In the same venue in which he made his professional debut 11 years earlier, Wale at last got his hands on the Lord Lonsdale belt.
Tears were shed, hugs were long and strong. It had been a long time coming and the journey has been far from easy.
On two previous occasions the Barnsley fighter had come up short. The dream title triumph which one of the sport’s most dedicated servants craved looked set to evade him.
The underdog in his two previous challenges, Wale finally found himself in the position of favourite, standing in the home corner to face Scotland’s Jamie Wilson in the main event of a cracking Stefy Bull show at The Dome in Doncaster.
Yet it was not to be an easy night for the likable 29-year-old. In fact debate continues to rage whether he had actually done enough to claim the unanimous points decision he received.
It is somewhat a shame that after the ups and downs of his career, some will place a question mark on the crowning achievement which saw him become only the fourth Barnsley man in history to win a British title.
This writer however did have Wale clear at the end, with his work the cleaner overall. Much clearer than the two scorecards which gave him the fight by 115-114 and closer to Michael Alexander's 116-112 verdict.
Wilson fought a very good fight and would certainly be worthy of a rematch. Surely a promoter with a television deal would be willing to give a slot to a such a return after the quality of the first.
Wale had looked set to dominate after a brilliant second round performance where he boxed at distance and showed tremendous accuracy with the right straight in particular.
To Wilson’s credit, he learned his lesson and never let Wale have that space again. Hie best work came on the inside, when he forced Wale back onto the ropes and roughed him up.

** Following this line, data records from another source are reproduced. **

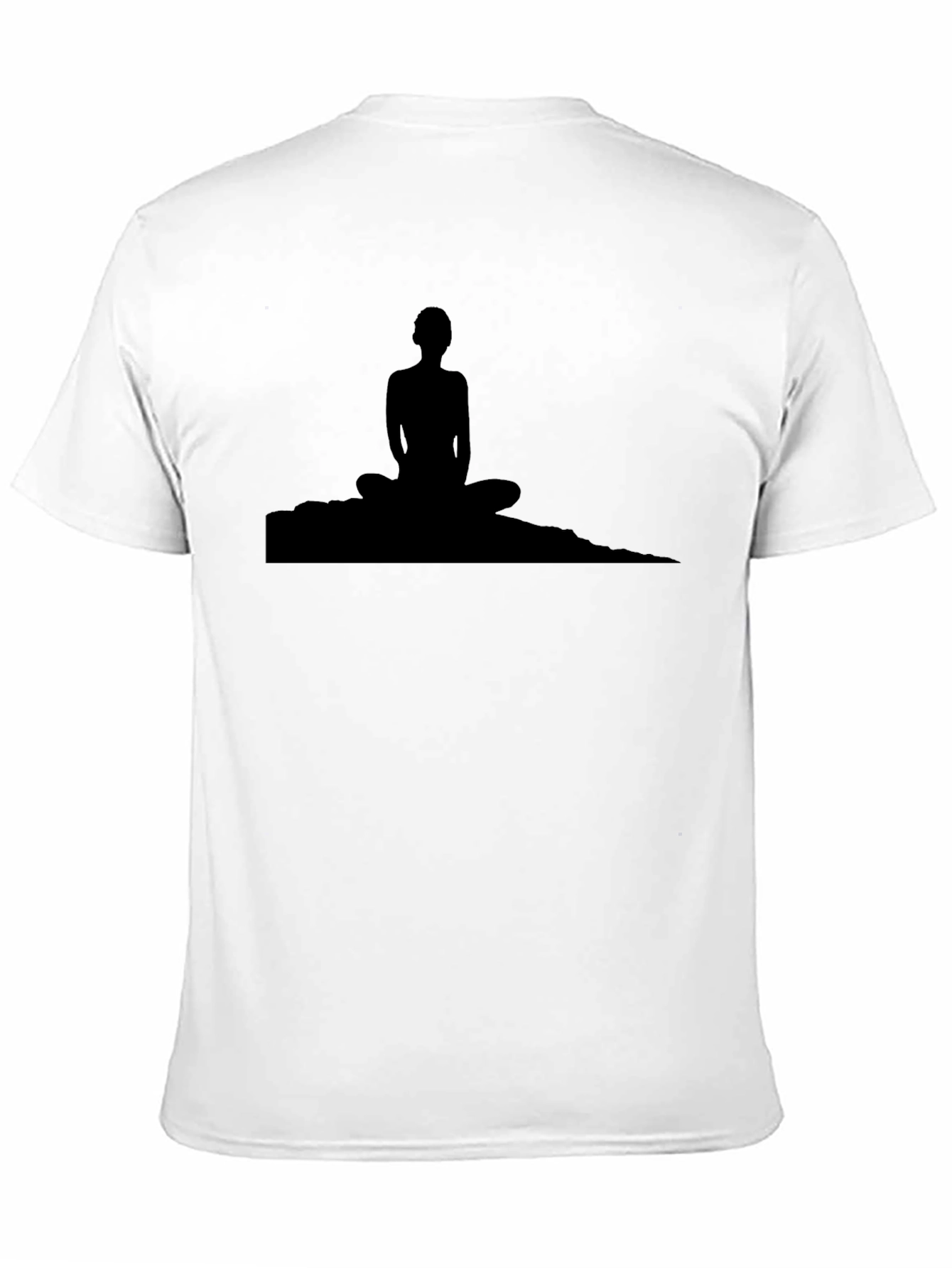 Meditative Silhouette Tee - Black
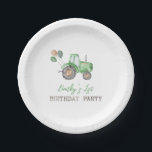 Tractor Paper Plates | Tractor Birthday Plates<br><div class="desc">Tractor Birthday Paper Plates
Ready to be personalized by you!</div>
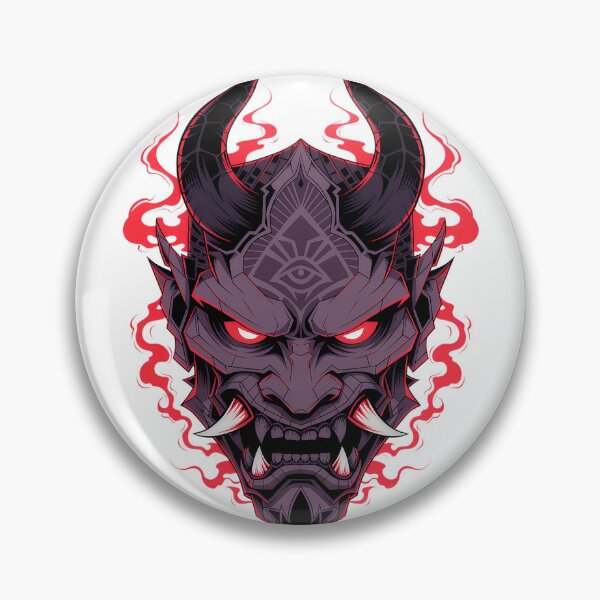 Item preview, Dark horned demon mask with fiery red aura designed and sold by Rostislav Bouda.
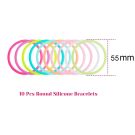 80s retro silicone bangle set with stretchy seamless construction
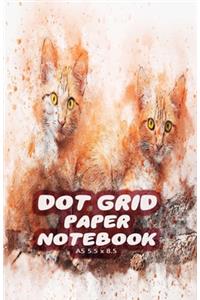 Dot Grid Paper Notebook A5 5.5x8.5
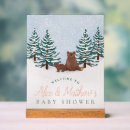 Search for winter baby shower welcome signs Elegant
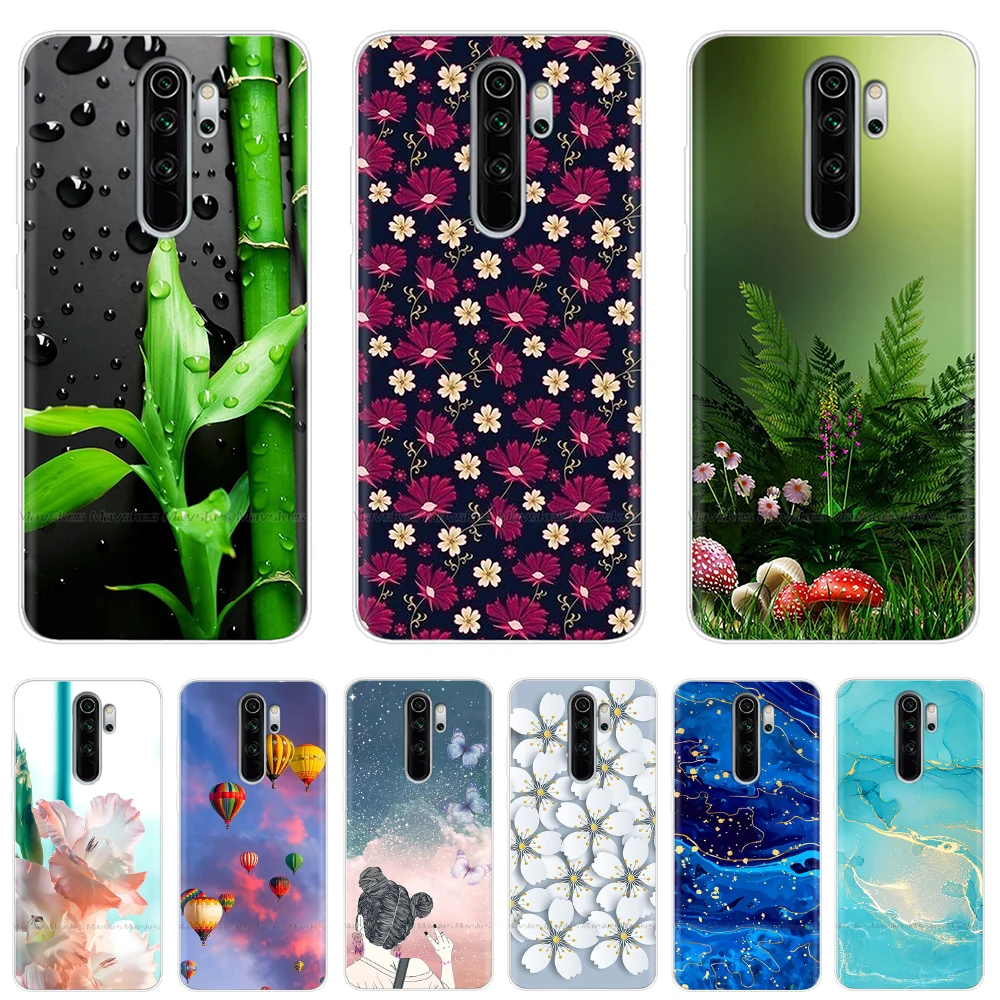 For Redmi Note 8 Pro Case Ginkgo Leaf Bamboo Silicone Back Cover For Xiaomi Redmi Note8 Pro Phone Cases 6.53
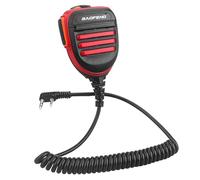 BAOFENG Radio Microphone,Remote Shoulder Police Mic UV-5R BF-F8HP 5RM UV-21R K5PLUS UV-17R TIDRADIO TD-H3 TD-H8 Quansheng UV-K5 walkie Talkie Handheld Speaker mic (Red*1 pack)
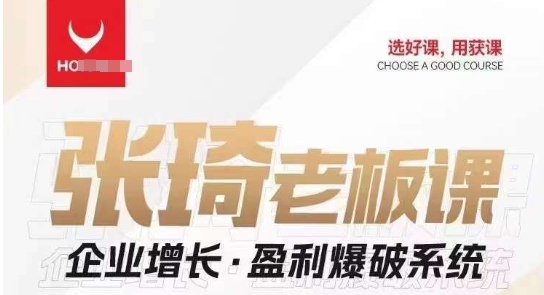 【组合课】张琦张琦老板企业增长·盈利爆破系统（直播专享）-知享知识库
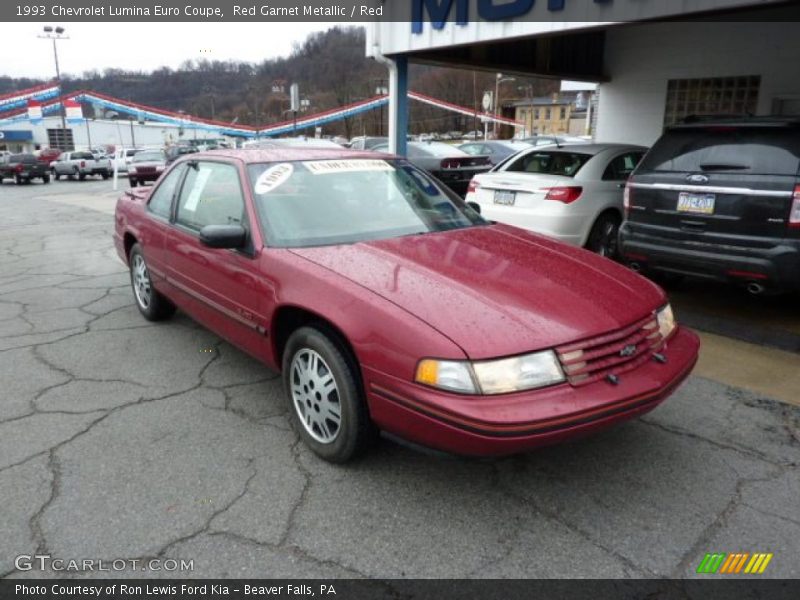 Front 3/4 View of 1993 Lumina Euro Coupe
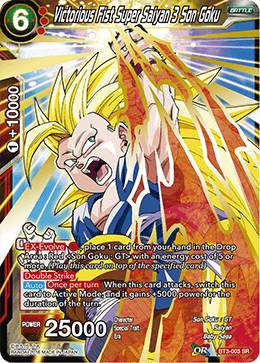 BT3-003 Victorious Fist Super Saiyan 3 Son Goku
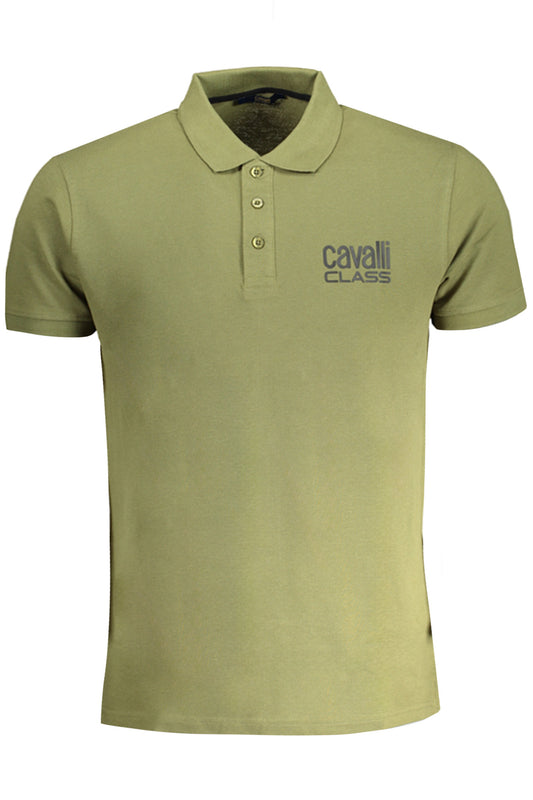 POLO HOMME CAVALLI CLASS VERT MANCHES COURTES - CAVALLI CLASS
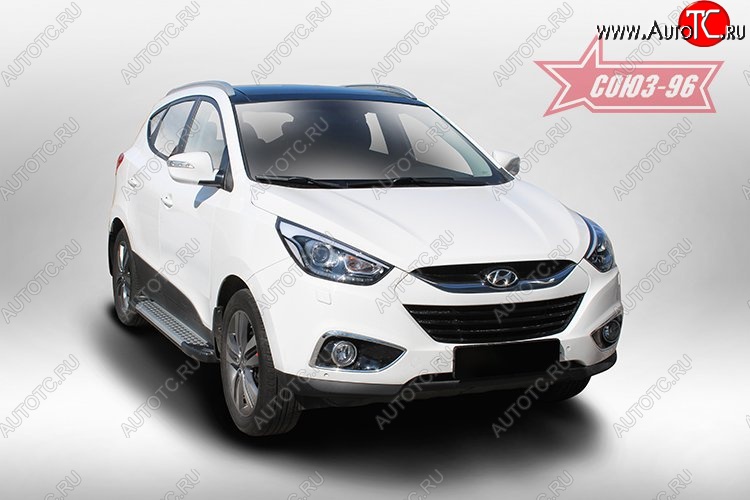 8 549 р. Пороги Souz-96 Hyundai IX35 LM дорестайлинг (2009-2013)  с доставкой в г. Вологда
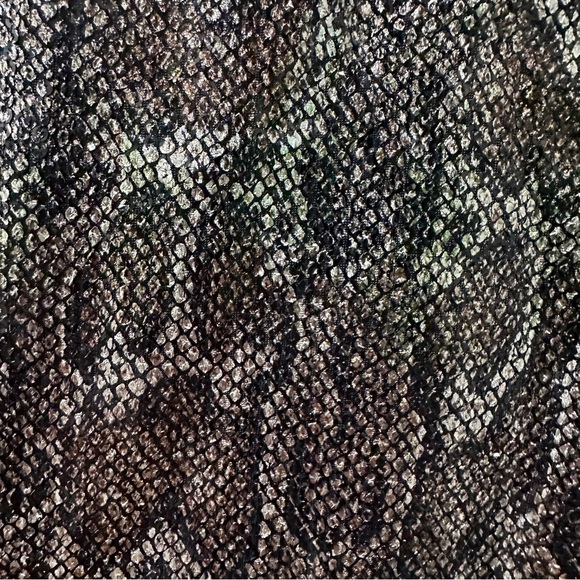 Anthropologie Sequin Snake Joni Pants Women’s Size 6 NWT Brown Gray Animal Print - Picture 12 of 16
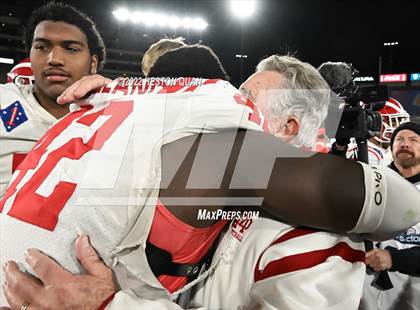 Thumbnail 3 in Mater Dei vs. St. John Bosco (Post Game) photogallery.
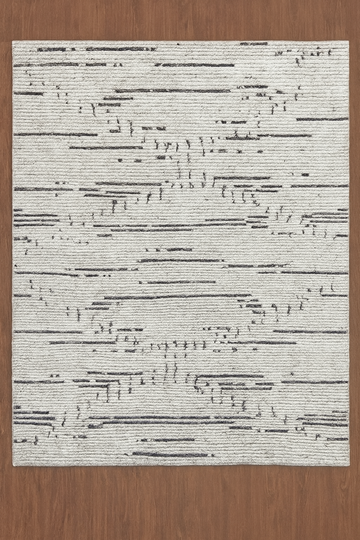 SILVER BROWN WOOL RUG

It left the Barnsley fighter caught between two stools, unsure whether to push forward or stay at distance. This mental quandary has effected him in the latter years of his career as he looks to transition away from the all-guns-blazing style which characterised his early career.
Both men were cagey yet enjoyed profitable periods, ensuring the pattern of the fight went back and forth.
What tipped the tight affair in Wale’s favour was a good string of rounds in the final straight where his accuracy was the superior.
He will need to be better and more sure of himself when defences come but all that matters right now is that Wale will go down in history as British champion.